You didn’t wear perfume, did you? Not even hand lotion?
I would shove away the thought
—How did I get
here
?
He would kiss me goodbye. I would leave his car. He would roll down his window. He would mouth
You
.
I would sit inside my own car for a long while, old Blue Beast, holding on to that thing that was mine and mine alone for as long as I could. This is a confession
—another
confession. Every irritant and questionable comment from him got suppressed in support of those victorious moments of
freedom
. I guess you don’t turn away a rescuer in hopes of a better one. You’re thankful. I’m guessing that when a prisoner is let out, even the penitentiary parking lot looks beautiful.
Because, soon enough, I would be pulling into my own driveway, going inside, taking some hamburger from the freezer. I would be the audience as Abby practiced her oral report on primates, both of us turning our heads toward the door as Mark walked in, both of us pausing to read his face for signs of what the evening would bring. I would feel relief if his eyes were smiling and relaxed and if he came in joking, tossing his keys on the counter. Maybe that would mean a bike ride later, a roughhouse game with him and Abby. But if his eyes were hard, if he thought the world had done him wrong while he’d been out, it meant
stepping carefully. Either way, after Abby was in bed, I’d go up to our room and disappear into a book. Blessed books—they’re a place to be alone, and no one else can come in. I put up my book barrier because I didn’t want him to touch me. You came to hate sex with someone who betrayed you with violence. You’d do anything to avoid it. His mouth felt all wrong by then anyway.
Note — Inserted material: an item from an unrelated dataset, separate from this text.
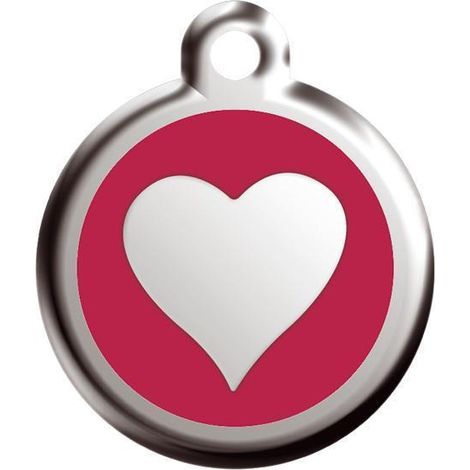 Médaille Red Dingo Coeur Rouge : PM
As I sat in that car, though, during the suspended time that came between meeting Ian and heading home, I was filled with the elation of a changed future. I was a butterfly, with the weight of two rose petals, yet with the power to fly thousands of miles.
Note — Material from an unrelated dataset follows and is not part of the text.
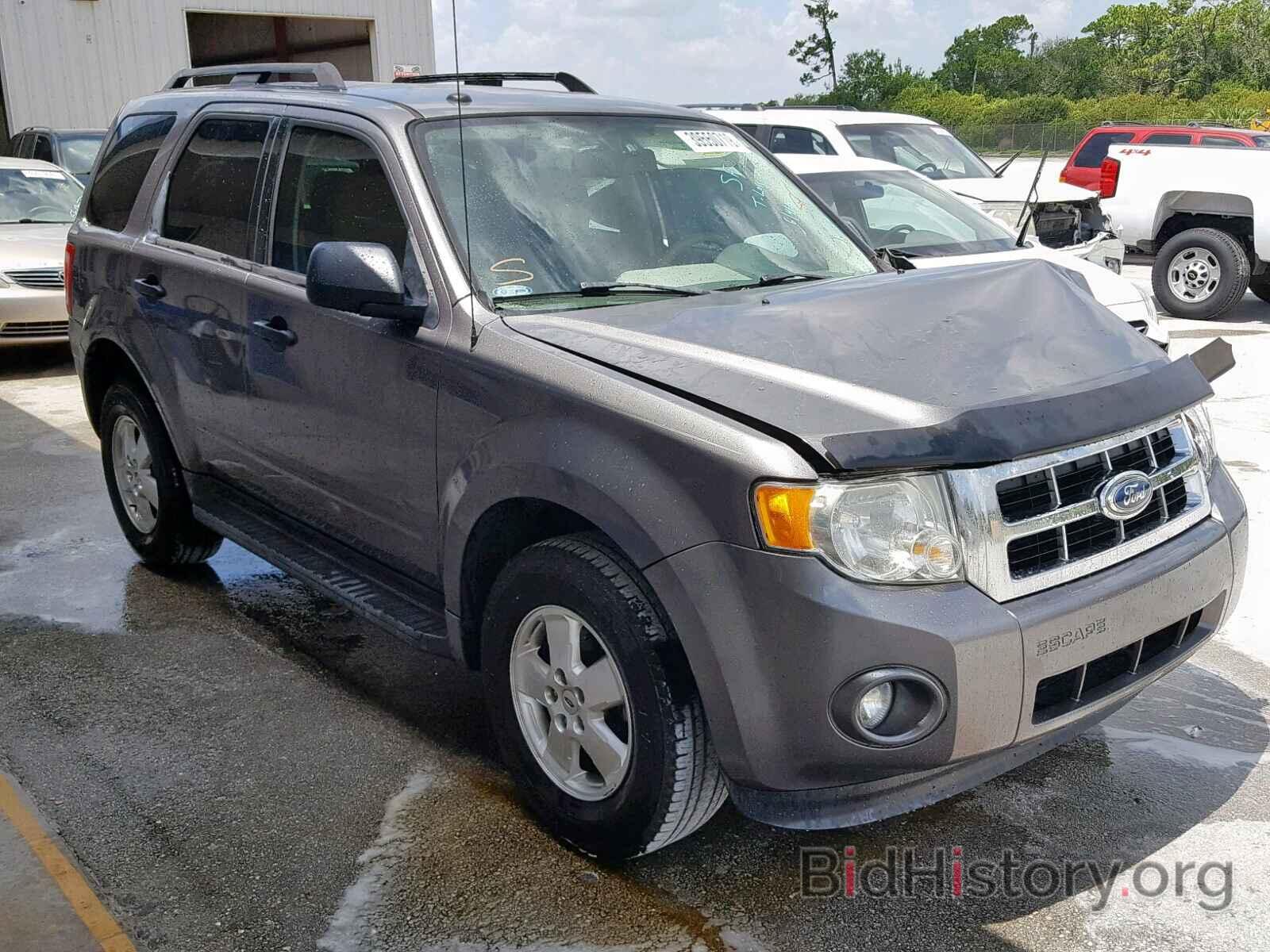 Photo 1FMCU0D77CKA71905 - FORD ESCAPE XLT 2012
While I’m on the way to meet Nathan Benjamin, I phone Detective Jackson. I leave a message for him. I want to call and call and call, but I hold back. This will make me seem unstable, I think. But maybe I’m supposed to call more often than I do. I don’t know what the protocol is here.
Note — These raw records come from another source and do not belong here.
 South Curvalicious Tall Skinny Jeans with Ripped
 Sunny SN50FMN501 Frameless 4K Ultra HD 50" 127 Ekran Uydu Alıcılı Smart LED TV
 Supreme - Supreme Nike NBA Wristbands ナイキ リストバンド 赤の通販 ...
I look around for Nathan at the Essential Baking Company, one of those chic, organic Seattle cafés, which I have to admit I usually love. Artisan bread, beautiful pastries behind glass—I’m always in favor of butter and sugar. Today, though, even five jillion glorious fat calories seem criminal. I am aware of some jazzy music playing in the background, and of greasy fingerprints on the glass case, and of the bright smiles of the girls in aprons. The latte machine grinds loudly and, all at once, being in public feels wrong.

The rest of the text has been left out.